Problem to work on
Below is a listing to transcribe in full and exactly; keep the pictures out.

Data below
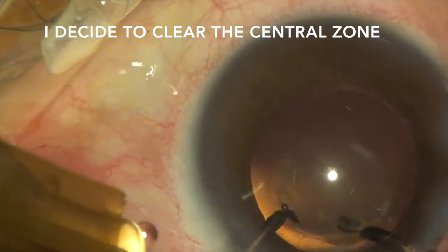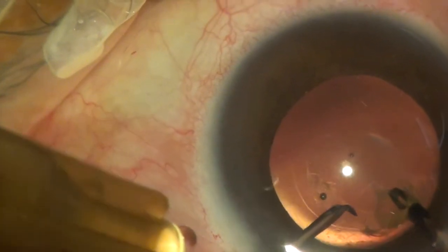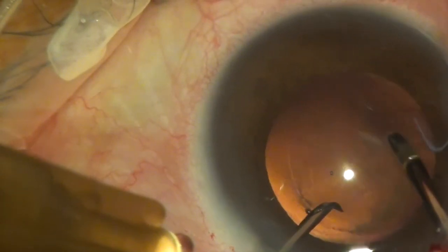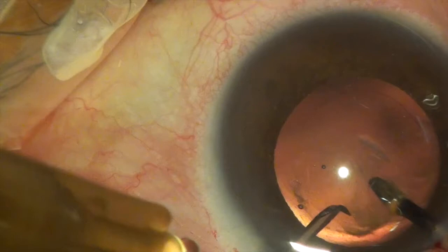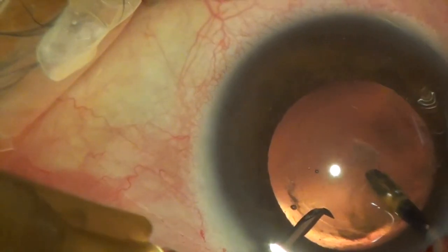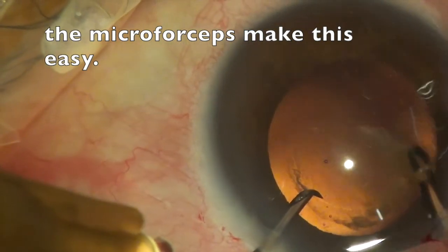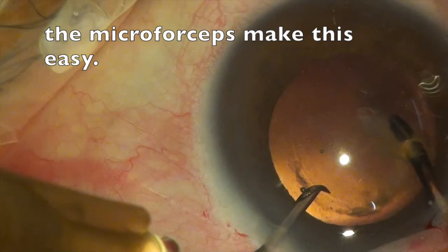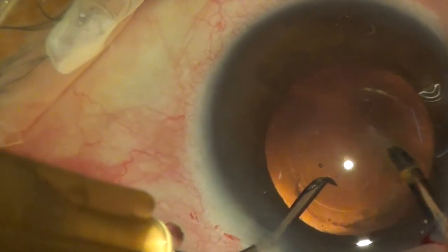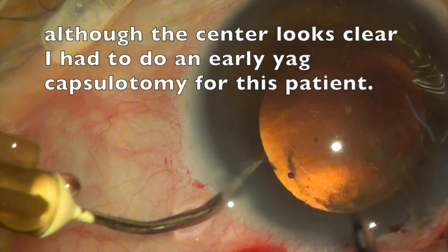I always try to tailor the size of the PCC to the size of the undilated pupil of the patient, so very large PCCs are rarely necessary. They can usually be between 3 and 4mm in size. Since most of the plaque came off, I didn't feel like opening up the posterior capsule. Although the center looked clear, I had to do an early YAG posterior capsulotomy in this patient.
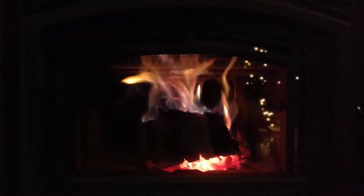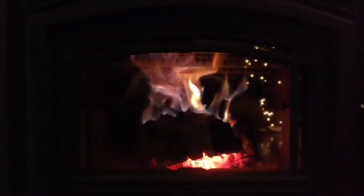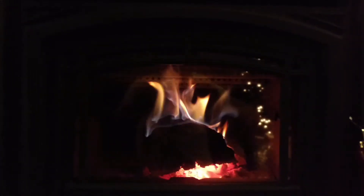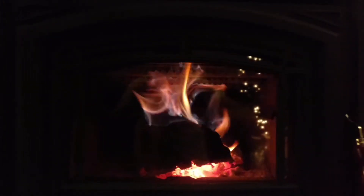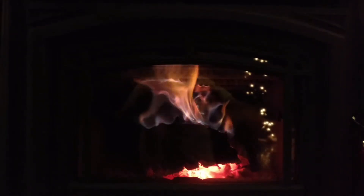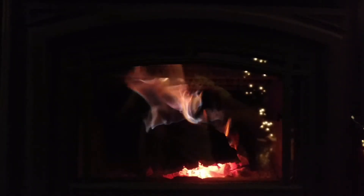I don't have the blower going right now because it's like 40 degrees outside, and just the heat from getting the stove up to temperature and then this one ash split with these nice secondaries puts out enough heat to heat the house. It's like 75 downstairs and 74 upstairs.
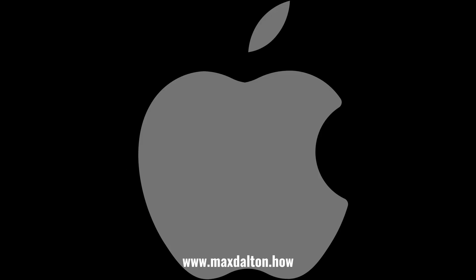Let me know if this video helped you out in the comments below. If you liked what you saw here, click the video links on the right side of the screen to check out another video, or click the logo on the left side of the screen to check out my tutorial website at www.maxdalton.how.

Solved problem
I always try to tailor the size of the PCC to the size of the undilated pupil of the patient, so very large PCCs are rarely necessary. They can usually be between 3 and 4mm in size. Since most of the plaque came off, I didn't feel like opening up the posterior capsule. Although the center looked clear, I had to do an early YAG posterior capsulotomy in this patient.
I don't have the blower going right now because it's like 40 degrees outside, and just the heat from getting the stove up to temperature and then this one ash split with these nice secondaries puts out enough heat to heat the house. It's like 75 downstairs and 74 upstairs.
Let me know if this video helped you out in the comments below. If you liked what you saw here, click the video links on the right side of the screen to check out another video, or click the logo on the left side of the screen to check out my tutorial website at www.maxdalton.how.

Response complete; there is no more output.